The film was also nominated for Best Black and White Cinematography (this film beautifully illustrates the meaning of "glorious black and white"), Best Art Direction, Best Story (Clare Boothe Luce), and Best Original Song, "Through a Long and Sleepless Night," by Alfred Newman and Mack Gordon. The use of the song in the film is quite haunting; the music stays with the viewer after the movie ends.

The supporting cast includes Dorothy Patrick (whose best-known role might be Eva Kern in MGM's TILL THE CLOUDS ROLL BY), Dooley Wilson (of CASABLANCA fame), Regis Toomey, Basil Ruysdael, and Thomas Gomez. A fun bit of trivia is that Hugh Marlowe and Celeste Holm would shortly thereafter play husband and wife in the Oscar-winning classic ALL ABOUT EVE.

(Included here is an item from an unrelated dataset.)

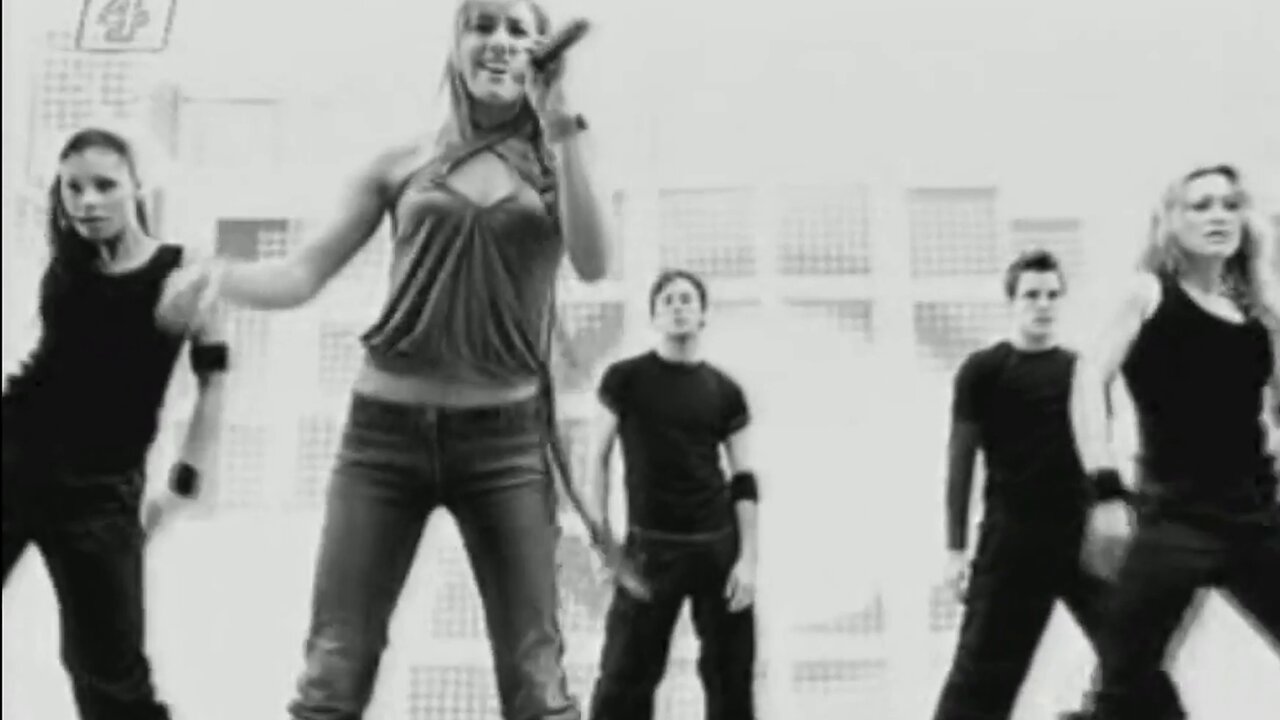 Sarah Whatmore - Automatic (Live at Popworld) Black & White video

It's also worth noting that Hugh Marlowe and Dorothy Patrick's renditions of "Through a Long and Sleepness Night" were dubbed by Ken Darby and Eileen Wilson. Darby was a well-known composer in his own right, as well as the head of the Ken Darby Singers, who sang backup for Bing Crosby. Wilson dubbed Ava Gardner in a few movies, including THE HUCKSTERS, and also dubbed Cyd Charisse in WORDS AND MUSIC.

COME TO THE STABLE was beautifully directed by Henry Koster. Koster directed many of Deanna Durbin's best-known films (including FIRST LOVE, reviewed here last September) and the classic Christmas movie THE BISHOP'S WIFE, also starring Loretta Young, along with Cary Grant and David Niven.

The movie runs 94 minutes.

COME TO THE STABLE is available on VHS.

I hadn't seen this film since I was a teenager. What a treat to rediscover it! Highly recommended.

2012 Update: COME TO THE STABLE is now available on DVD-R from the Fox Cinema Archives.


Blogger Irene said...

I found this movie several years ago at a really low price (I believe an after Christmas sale) and added it to my collection. A really nice, sweet movie.

As an aside, I finally got the two Loretta Young books from the library. Her biography and the one her daughter wrote. Fascinating and often times, sad. Her daughter Judy is an excellent writer and I could hardly put the book down. When I first saw her picture on the back cover I gasped because the likeness to both her parents was so obvious.